Read the case carefully again.
Read the rules carefully again.
Respect yourself: get enough sleep and eat properly.
Be sure to know whether your team is going to prepare a pleading as an Advocate General or a Commission Representative.
15 minutes are not enough time to explain exotic legal points, SO KEEP IT SIMPLE.
Be ready to be massively interrupted by judges during your oral arguments. The ELMC Rules & Executive Secretaries will encourage the Bench to pose several questions during your pleadings, interrupting your pleading presentation.
Try to make a plan for your oral arguments that lasts about 8-12 minutes, if you officially have 15.
Do yourselves (and the judges) a favour and learn the basics of rhetoric.
Make your presentation vivid and interesting to hear.
If you were a judge, what would you expect a pleading to be?
Be sure to do repeated rehearsals in the weeks up to the competition.
Try filming the rehearsals and see the film. You will learn, laugh, and get memories to last a lifetime.
Know your oral pleadings by heart – if your coach wakes you in the middle of the night you should go: “Madam OR Mister President, honoured members of the Court……..”.
You have to convince Judges that might not share your view of the world, SO KEEP IT SIMPLE.
Know the fundamental rules of EU Law – the judges love to pose questions about them.
Have a plan B prepared if the time is running out.
Remember that you are an “anonymous” representative of your University and your Country, so behave!
Do not forget your oral pleadings at home or at your hotel ( but if you do, it should not matter, as you know the substance of your oral pleadings by heart don’t you ?).
Dress as you would for a real Court hearing. Formal clothing is very appreciated by the judges.
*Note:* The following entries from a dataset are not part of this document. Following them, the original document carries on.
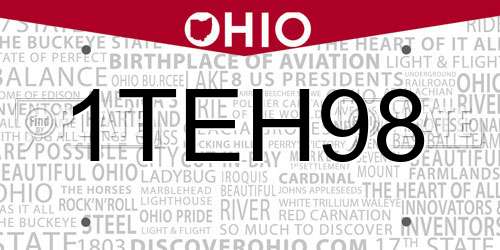 1TEH98 Ohio License Plate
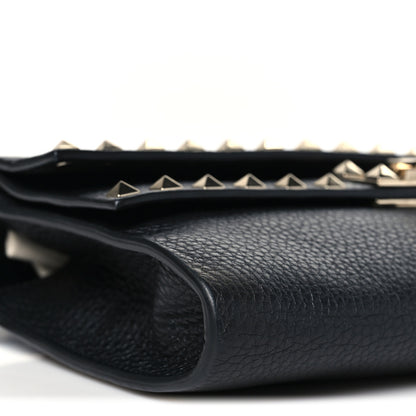 Valentino Garavani Grainy Calfskin Rockstud Double Flap Crossbody Bag Black 8 of 9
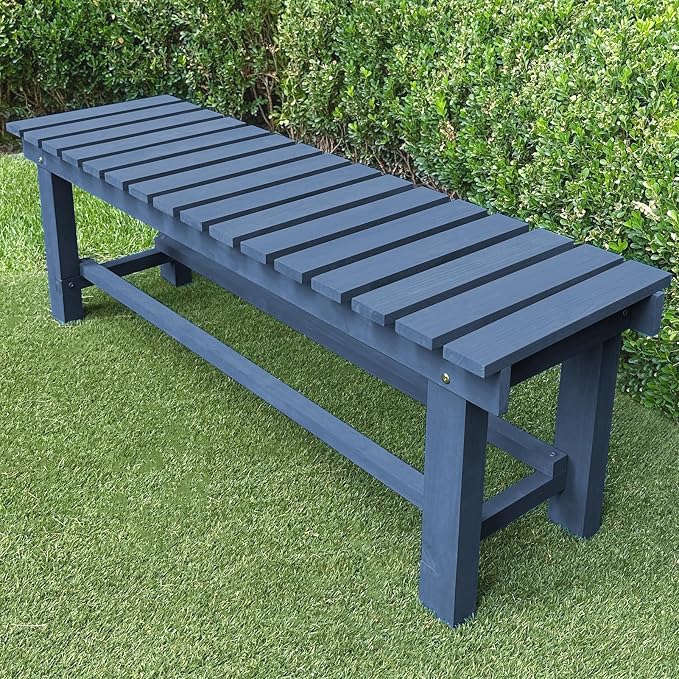 Outdoor Garden Wood Bench, 3-Person Weatherproof Wooden Bench Park Narrow Bench by LSPYYDS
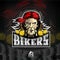 Man face with red bandana. Logo for any sport team bikers on dark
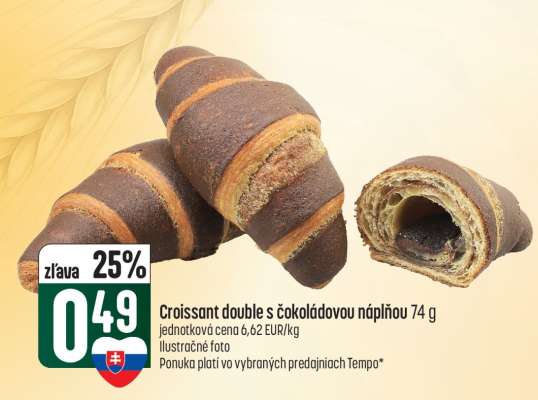 Croissant double s čokoládovou náplňou 74 g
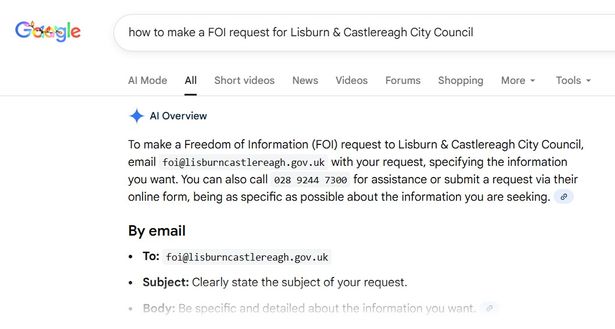 Google advice on how to send a FOI request to Lisburn & Castlereagh City Council still shows the email address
The ladies should dress conservatively and the gentlemen should wear a business suit and tie in respect to the Court.
KEEP IT SIMPLE.
Remember that the Moot Court is about meeting and competing – so remember to have a good time.
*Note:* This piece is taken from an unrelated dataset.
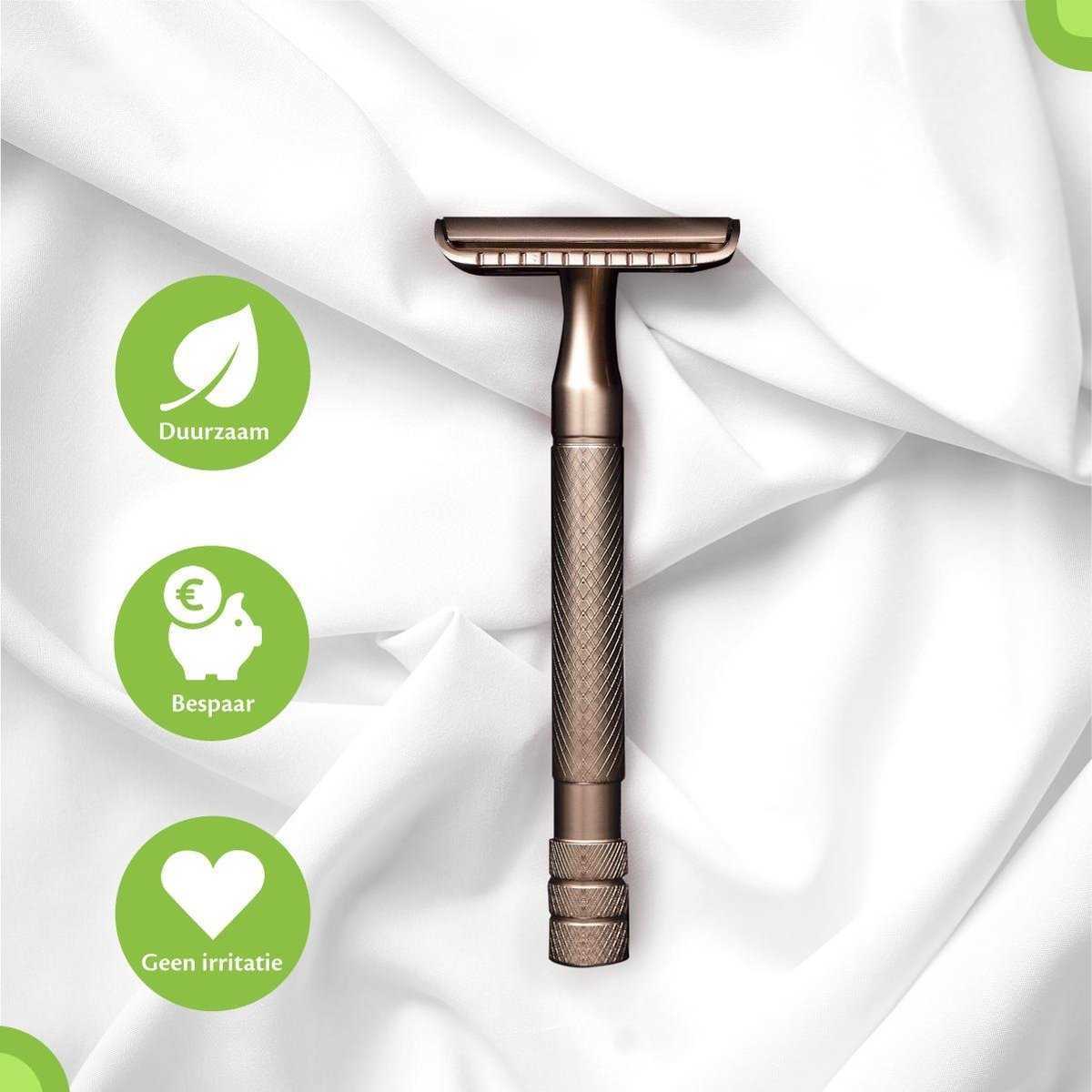 HAWARD Men's Double Edge Safety Razor Classic Metal Manual Shaving Razor With 10 Blades Reusable&Zero Wste&Eco Friendly P0817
You should address the Bench politely, and in the following manner:
A) When starting a pleading, say: “Mr. / Madam President, honoured Members of the Court, dear colleagues…”
B) When talking directly with one Judge: “Your Lordship, Judge, President, ….”.
You should always refer to your opponents with respect, and in the following manner:
A) “My learned colleague” / “My learned Friend”
B) “The honourable representative of the Applicant / Defendant / Commission”
C) “His excellency the Advocate General / the Honoured Advocate General”
Please avoid the following mistakes:
Try to avoid mistakes while addressing the Bench. Addressing the Bench as “your warships” is NOT a good idea.
Do not interrupt a Judge while she or he is speaking.